Dit onderzoek illustreert hoe men studenten van het secundair onderwijs en studenten van de lerarenopleiding kan betrekken bij het voeren van onderzoek.
Doelstellingen van het onderzoek:
De centrale onderzoeksvragen van ons onderzoek zijn:
- Wat zijn de taalattitudes van West- en Oost-Vlaamse jonge kinderen? Zijn die vergelijkbaar met die van adolescenten en volwassenen?
- Zit er een evolutie in de taalattitudes van kinderen tussen 5 en 12 jaar? Meer bepaald, wordt de talige perceptie van de kinderen aangescherpt naarmate ze ouder worden?
- Heeft de factor sekse bij deze kinderen een invloed op hun taalattitudes?
- Heeft de factor opleiding van de ouders een impact op hun taalattitudes?
Dit onderzoek wil zijn steentje bijdragen aan perceptieonderzoek naar taalgebruik. Er zijn al heel wat attitudeonderzoeken bij volwassenen gebeurd. We zijn dus geïnteresseerd in de vraag welke eigenschappen jonge kinderen (vijf- tot twaalfjarigen) aan mensen met een bepaald taalgebruik toedichten en op welke manier jonge kinderen taalattitudes beginnen te verwerven.

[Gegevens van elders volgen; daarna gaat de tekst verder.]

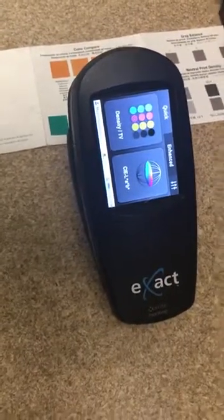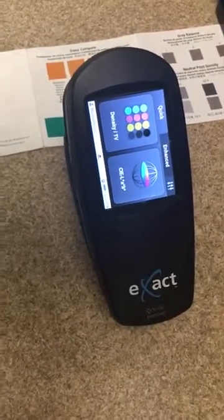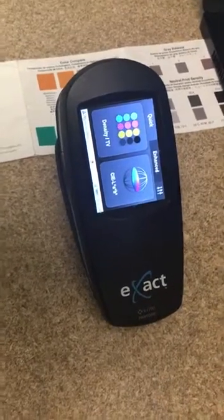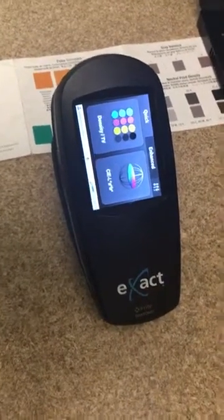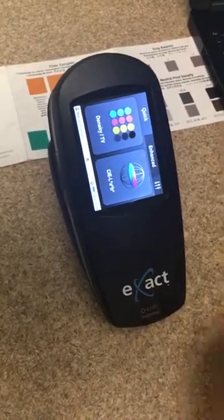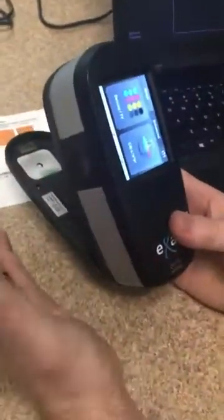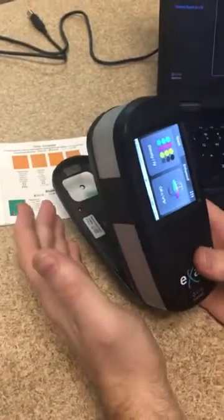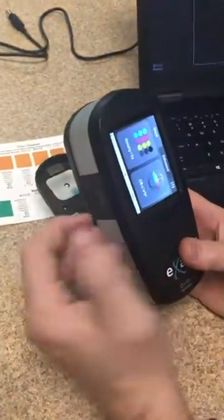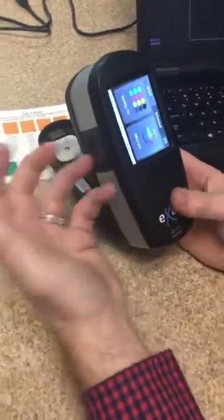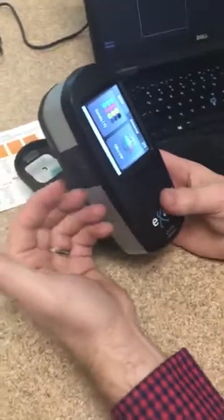I'm back with Scott Herrick from X-Rite Pantone, who's going to walk through the interface of the X-Act and some of the tools that you can bring to your workflow. So first off, we have basically three versions of this. We have a Basic, which is just a densitometer version — it doesn't have the LAB and the spectral engine or spectral data coming out of it.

Methodologie van het onderzoek:
De methodologie die gehanteerd werd in dit onderzoek, was deze van de mondelinge enquête. We hebben aan een groep kinderen enkele geluidsopnames voorgelegd en gevraagd om de fragmenten te beoordelen.
Nadat de kinderen de drie geluidsfragmenten (Standaardnederlands, (West- of Oost Vlaamse) tussentaal en (West- of Oost-Vlaams) dialect) te horen gekregen hadden, moesten ze een aantal vragen beantwoorden die de bekwaamheid en persoonlijkheid peilden van de spreker.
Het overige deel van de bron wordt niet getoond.